Martin, Bartavelle -

On 27/06/2011 01:06, Martin T wrote:
> [Incremental:All8]
> File = /usr/share/john/all.chr
> MinLen = 8
> MaxLen = 8
> CharCount = 95
> 
> I remember that I really used letters, numbers and special
> characters(8 characters in total)

In my experience, people very often remember such things incorrectly.
Since trying lengths 1 through 7 is relatively cheap, I suggest that you
don't exclude those... or since you already did, now start a second
instance of John with MinLen = 1 and MaxLen = 7.

> guesses: 0  time: 141:18:48:12  c/s: 929072  trying: 2kageA3z - 2kageACs

You appear to be using a highly non-optimal build of John.  Perhaps you
used the linux-x86-any or generic make target instead of -64 or -sse2?

I suggest that you make a build of 1.7.8-omp-des-7 (with that patch),
using the proper make target for your machine.  This should improve the
speed by a factor of 10 (to approx. 10 million c/s).  After having
tested that with "john --test", interrupt your old session and --restore
it with the new version/build.  The reported speed will be increasing
slowly because all-time average is reported.

> How much longer it might take to decrypt this Unix crypt?

It might take years, but most passwords get cracked pretty quickly.
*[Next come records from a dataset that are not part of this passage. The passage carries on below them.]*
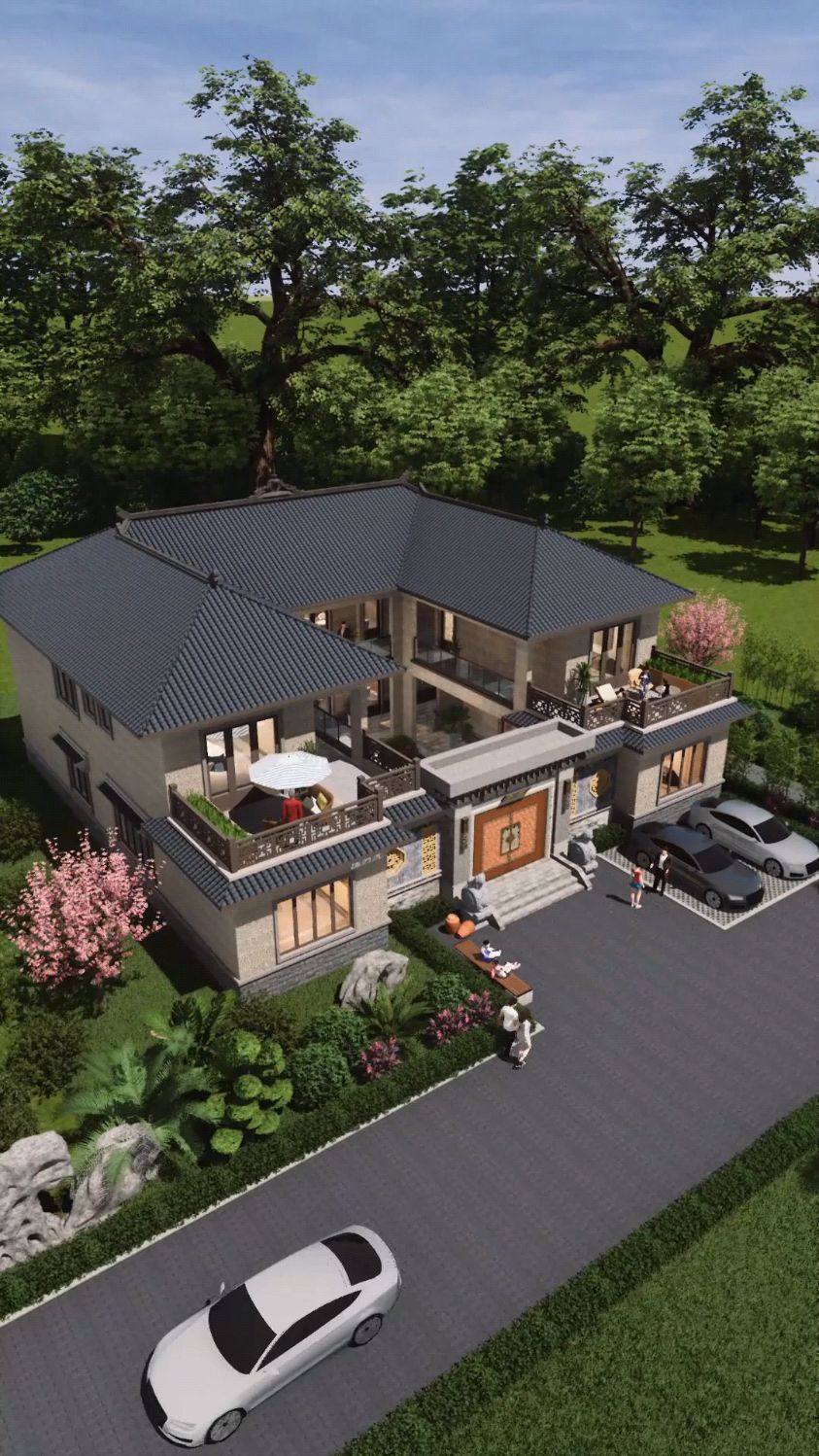 20x19米二层中式四合院农村自建房别墅设计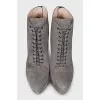Grey ankle boots with high soles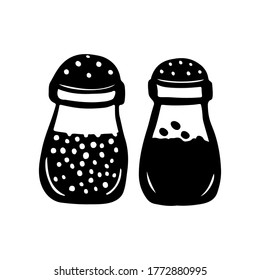 Food Pantry Custom Label Glass Jar For Salt, Pepper. Vector Illustration. Kitchen Tag For Decoration, Packaging Design. Black Color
On Mon, Jun 27, 2011 at 10:47:35AM +0200, Bartavelle wrote:
> However, -inc doesn't test all passwords

Huh?  Actually, it does - just in a smart order.  So it must crack that
password within those 226 years, assuming that the password is in fact
length 8 and does not include control characters (ASCII codes below 32
decimal, or code 127).  Switching to a proper build of John improves
this worst-case estimate to around 21 years.  Moving to a Sandy Bridge
CPU (and an AVX build of John) improves this further to 11 years.  Using
11 such CPUs improves it to 1 year.

In practice almost all passwords are cracked much sooner, specifically
due to incremental mode's smart order of tries.  Chances are that
Martin's password would already be cracked with a proper build of John.

Martin - you mention you "generated" the password.  Did you do it with a
certain program, and which one (and with what specific settings)?  If
so, the proper attack would be to exploit that program's weaknesses.